Sure, the idea of self defense may seem pretty logical and clear cut. However, the truth is many people worry about whether their act of defense will be legally viewed as appropriate self defense or not. While this may not matter much in the midst of a violent attack, it can make a big difference if the case goes to court. In fact, victims can even be convicted of crimes if the judge finds their act against an attacker wasn’t self defense!

What The Self Defense Law Says….

In most states, the law states a person can use proportionate and necessary force if they believe an unlawful force is being or is about to be used on them. Basically, if the self defense force is thought to be used to prevent the user from being harmed or killed, it’s ok. However, the force used in self defense must be seen as being necessary to prevent the attack and it must be in proportion to the possible attacking force.

For example, if someone felt they were about to be hit with a basketball and they pulled out a gun and shot the attacker, the self defense would not be seen as proportionate. After all, was it really necessary to shoot the person who was about to throw the basketball? Probably not.

Of course, if someone pulls out a gun and says they are going to shoot the victim then the victim could shoot them first in self defense and the act of self defense would be seen as proportionate.

This being said, it is illegal in the United States to intentionally hurt another person. All in all, even if you stab or kill someone out of self defense and don ’t deny you did, you will likely find yourself in a trial. However, if you can prove there was legal justification for self defense at the time you will not be punished. This is where your attorney’s job comes into play. They must help you establish your burden of proof for justification.

Provoked Attacks

While self defense can be used as justification in many cases, a victim can’t claim self defense if they provoked or encouraged the initial attack. The law in most states is similar in the fact it does not see words alone as being provocation, but there are some exceptions to this. If someone threatens violence with a weapon and there is good reason to suspect they possess the weapon, things may get tricky.

The Case For Self Defense

Self defense experts don’t want people to NOT act out in their own defense for fear of legal implications after the fact. They still feel a victim has a better chance of surviving an attack if they throw the first blow or immediately gain the upper hand with some sort of self defense. This is often seen as being pre-emptive self defense and is often seen as being completely legal.

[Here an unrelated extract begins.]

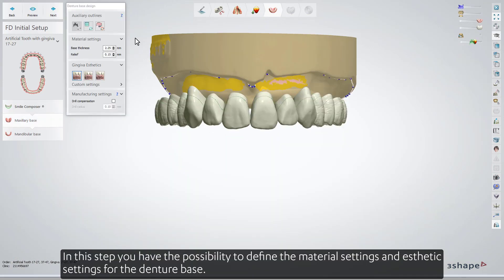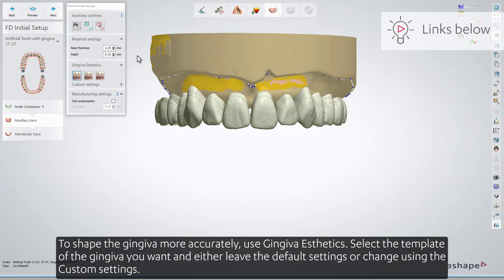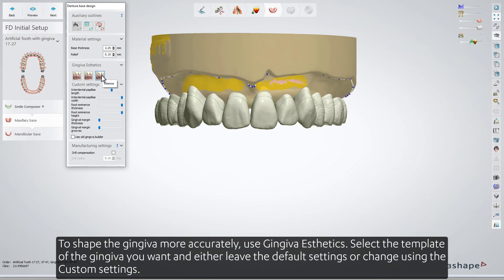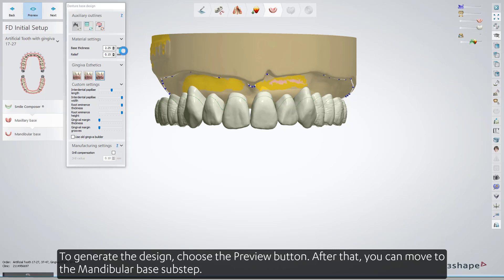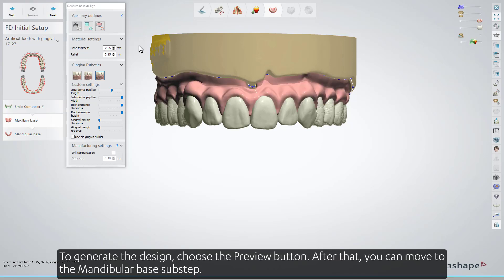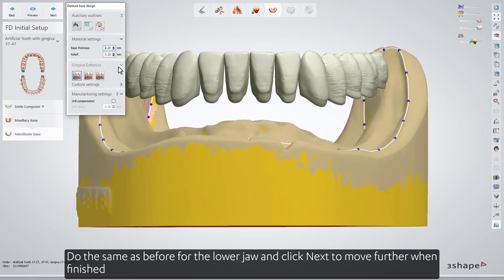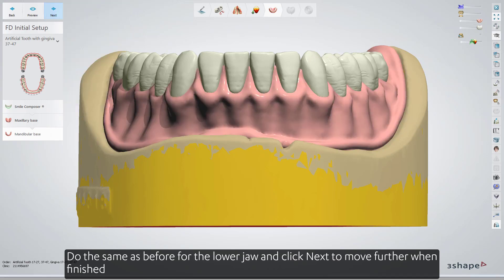In this step, you have the possibility to define the material settings and aesthetic settings for the denture base. To shape the gingiva more accurately, use gingiva aesthetics. Select the template of the gingiva you want, and either leave the default settings or change using the custom settings. To generate the design, choose the Preview button. After that, you can move to the mandibular base sub-step. Do the same as before for the lower jaw, and click Next to move further when finished.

Again, acting out in self defense can be your one and only way to survive if you’re about to be attacked or are in the midst of an attack. Always be prepared to protect yourself. To avoid lengthy legal trouble, it’s best to protect yourself with non-life threatening items like pepper spray. With pepper spray and other self defense products not meant to permanently disable the attacker, you can get to safety quickly and not be charged for a crime.